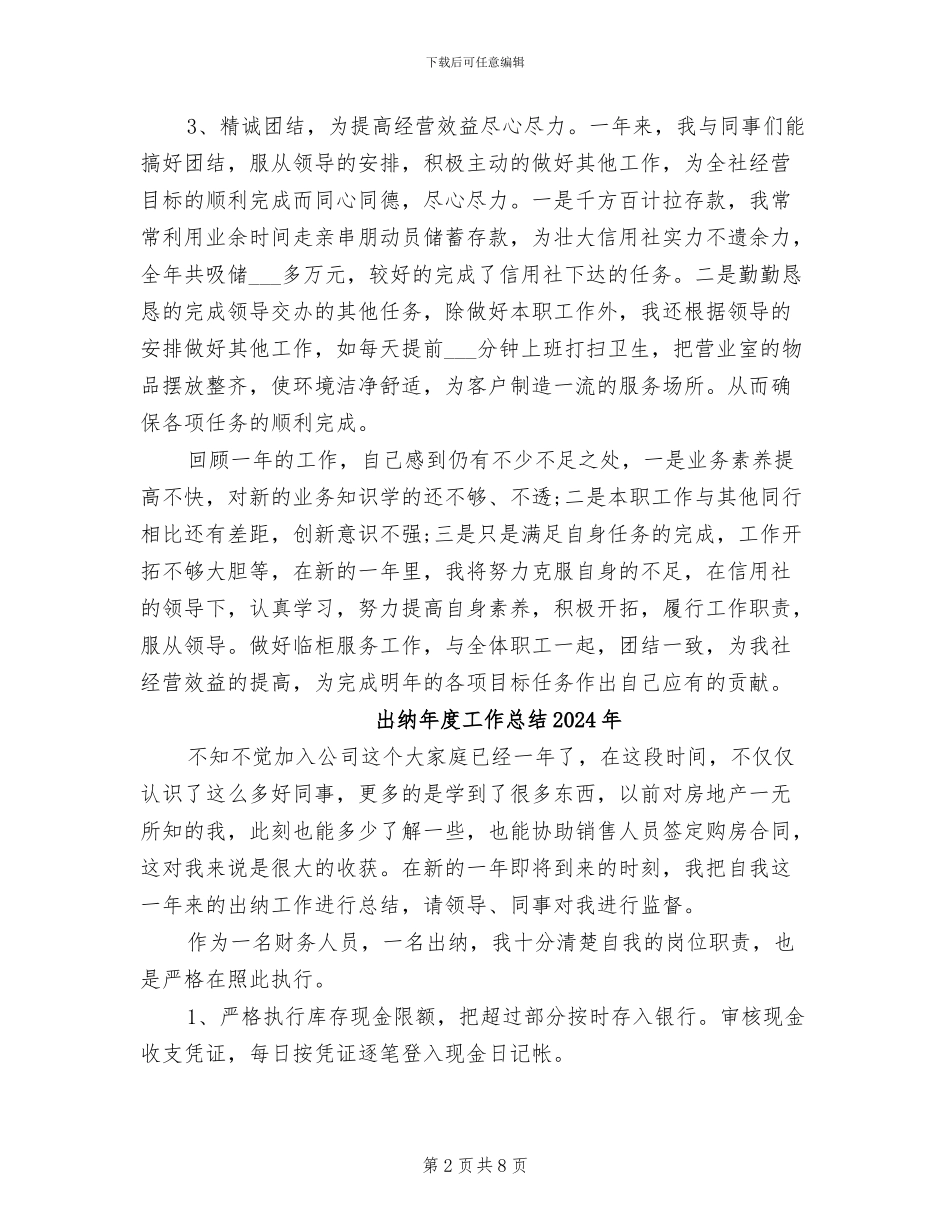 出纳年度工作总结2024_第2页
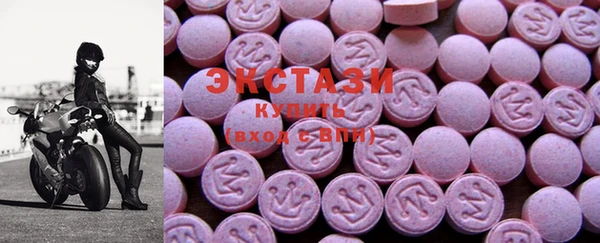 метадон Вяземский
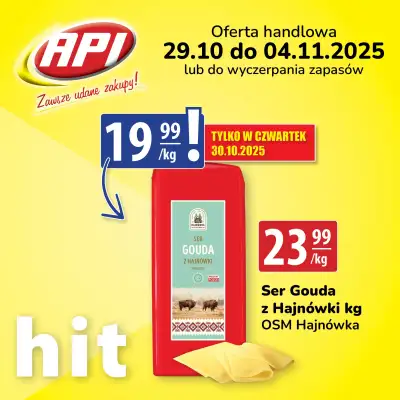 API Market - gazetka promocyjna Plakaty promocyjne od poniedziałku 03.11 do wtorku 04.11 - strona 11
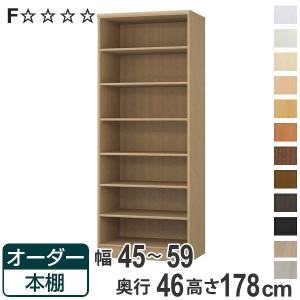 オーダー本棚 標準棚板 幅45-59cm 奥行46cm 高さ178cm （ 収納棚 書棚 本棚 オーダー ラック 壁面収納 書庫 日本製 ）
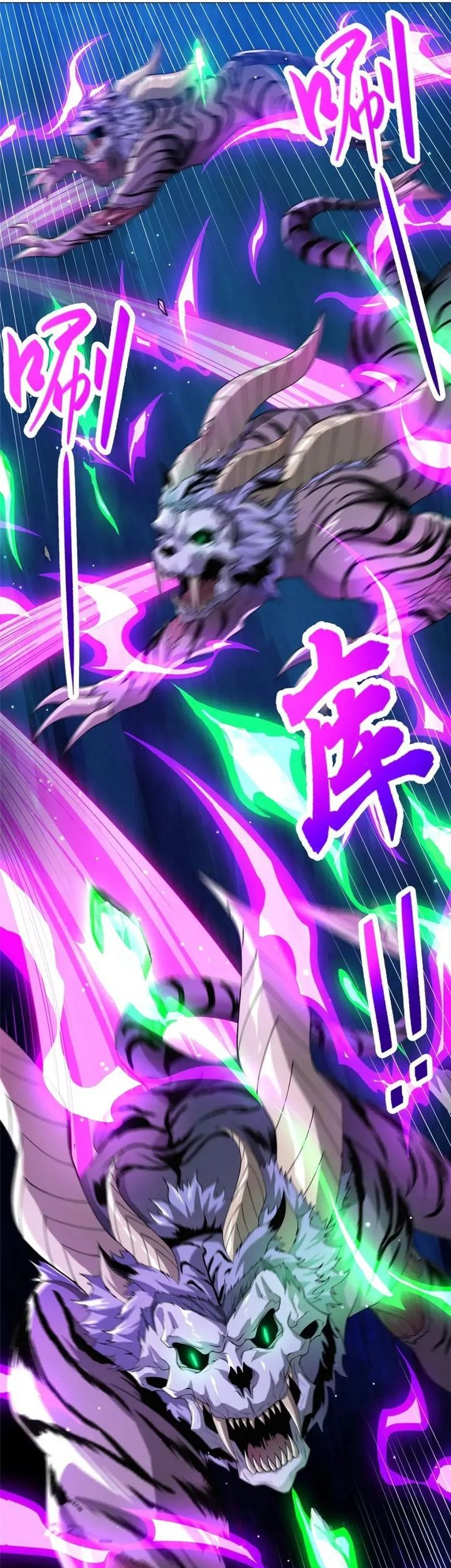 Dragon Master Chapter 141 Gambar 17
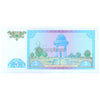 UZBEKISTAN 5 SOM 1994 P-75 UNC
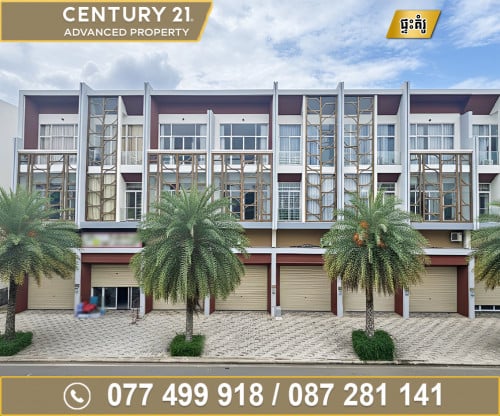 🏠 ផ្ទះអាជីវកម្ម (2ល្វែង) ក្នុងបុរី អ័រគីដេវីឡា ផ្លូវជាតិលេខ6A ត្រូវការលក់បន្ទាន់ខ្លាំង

---

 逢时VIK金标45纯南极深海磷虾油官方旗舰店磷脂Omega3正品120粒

---

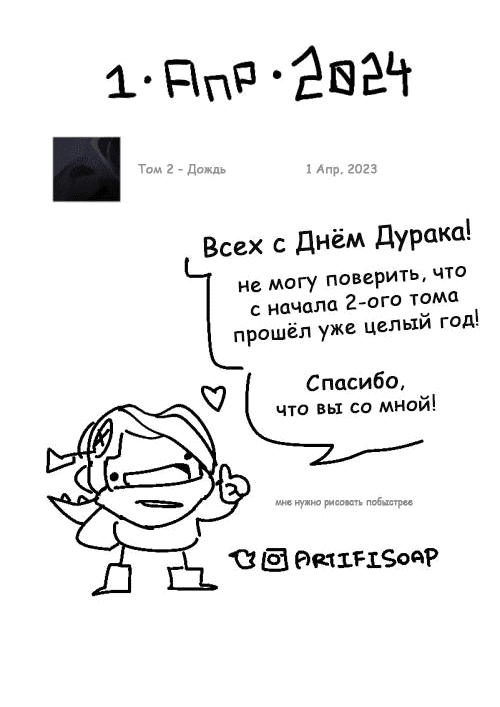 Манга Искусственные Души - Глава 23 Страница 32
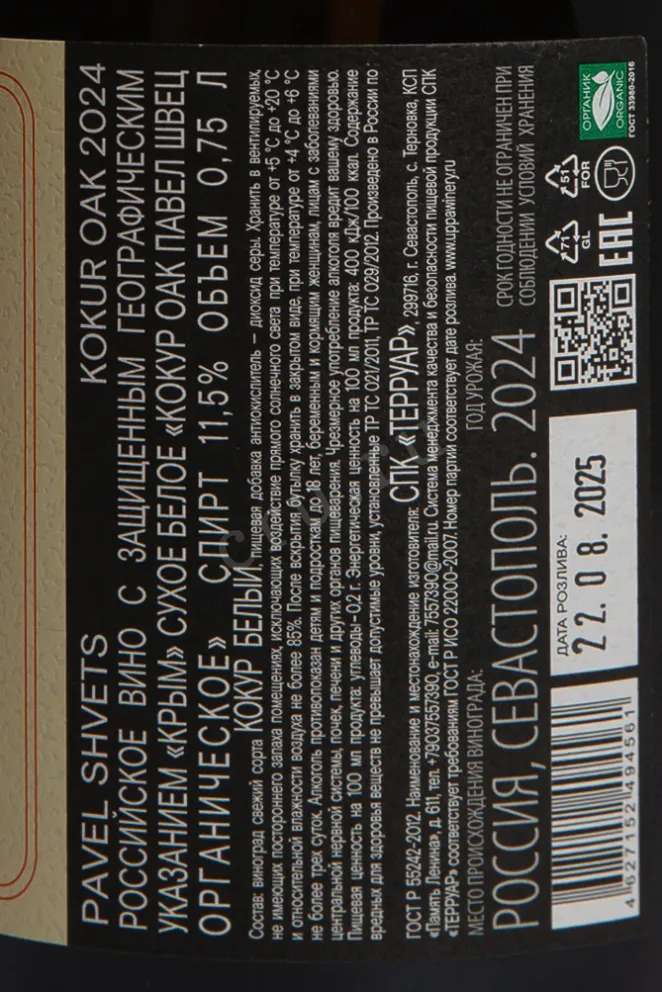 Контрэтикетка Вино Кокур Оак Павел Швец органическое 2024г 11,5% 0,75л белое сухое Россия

**GOAL OF THE EXERCISE**
Although pictures appear among the records above, none are to be output; print exactly the lines from the line containing "オーダー本棚 標準棚板 幅45-59cm" through the line containing "អ័រគីដេវីឡា ផ្លូវជាតិលេខ6A ត្រូវការលក់បន្ទាន់ខ្លាំង".

**EXPECTED OUTPUT**
 オーダー本棚 標準棚板 幅45-59cm 奥行46cm 高さ178cm （ 収納棚 書棚 本棚 オーダー ラック 壁面収納 書庫 日本製 ）
 Dragon Master Chapter 141 Gambar 17
 UZBEKISTAN 5 SOM 1994 P-75 UNC
 🏠 ផ្ទះអាជីវកម្ម (2ល្វែង) ក្នុងបុរី អ័រគីដេវីឡា ផ្លូវជាតិលេខ6A ត្រូវការលក់បន្ទាន់ខ្លាំង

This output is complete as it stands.